Pode ser também, às vezes, uma espécie de punição infligida ao Espírito que duvida do futuro, conceder-lhe um prolongamento de vitalidade com o qual ele sofre necessariamente.
SÃO LUÍS.

Observação: Talvez também poderia espantar a rapidez do desprendimento deste Espírito considerando seu apego à vida corpórea; mas é preciso considerar que esse apego não tinha nada de sensual nem de material; tinha mesmo seu lado moral, visto que era motivado pelo interesse por seus filhos de tenra idade. Era, além disso, um Espírito avançado em inteligência e em moralidade: um grau a mais, e teria sido dos Espíritos muito felizes. Não havia, portanto, nos laços perispirituais, a tenacidade que resulta da identificação com a matéria; pode-se dizer que a vida, enfraquecida por uma longa doença, estava por alguns fios; eram esses fios que ele queria impedir que se rompessem. Entretanto, ele foi punido por sua resistência, com o prolongamento de seus sofrimentos, devidos à natureza da doença e não à dificuldade do desprendimento; é por isso que, após a libertação, a perturbação foi de curta duração.

Um fato igualmente importante decorre dessa evocação, assim como da maioria daquelas que são feitas em diversas épocas mais ou menos distanciadas da morte, é a mudança que se realiza gradualmente nas ideias do Espírito, e cujo progresso se pode seguir; neste, ela se traduz, não por melhores sentimentos, mas por uma apreciação mais sã das coisas.

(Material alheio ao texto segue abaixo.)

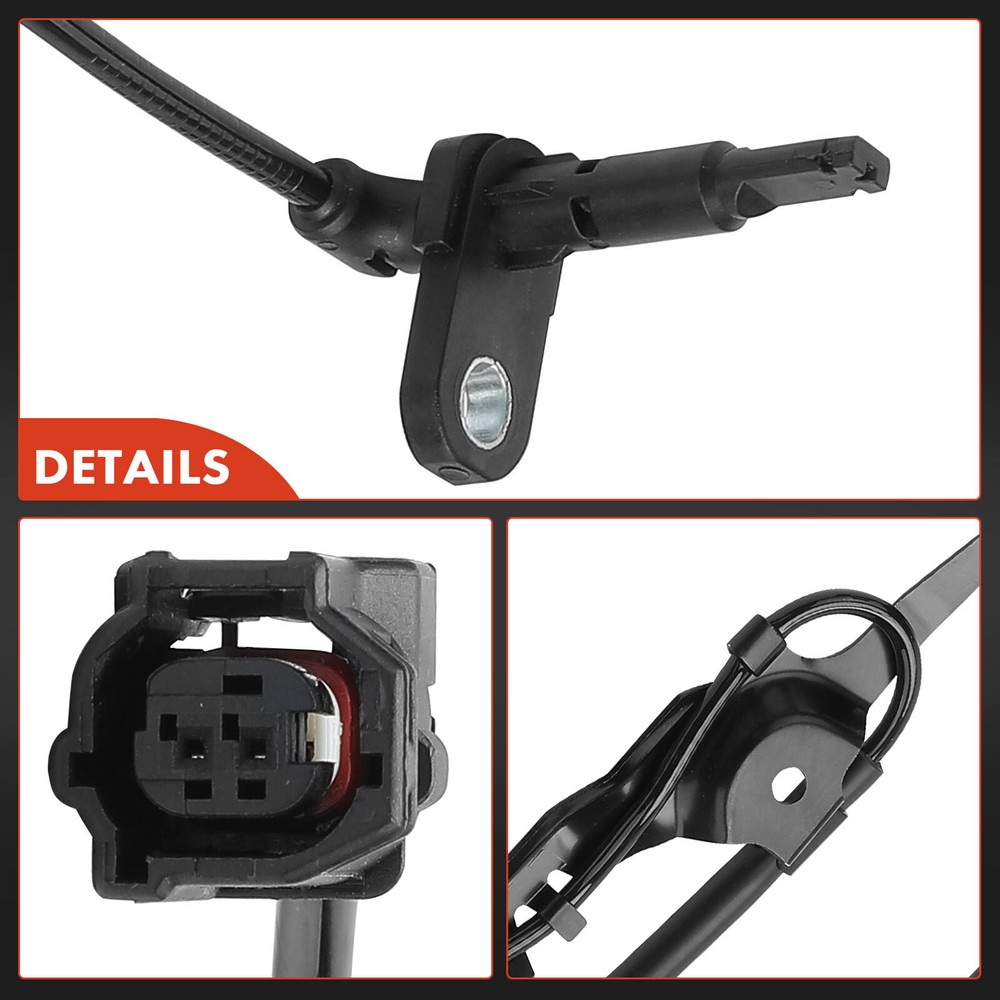 ABS Wheel Speed Sensor for Toyota Highlander 2020-2025 Front Driver Left Side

O progresso da alma na vida espiritual é, portanto, um fato constatado pela experiência; a vida corporal é a colocação em prática desse progresso; é a prova de suas resoluções, o cadinho em que o Espírito se purifica.

A partir do instante em que uma alma progride após a morte, seu destino não pode ser irrevogavelmente fixado, pois a fixação definitiva do destino é, como dissemos em outra parte, a negação do progresso. Não podendo as duas coisas existir simultaneamente, resta aquela que tem a sanção dos fatos e da razão.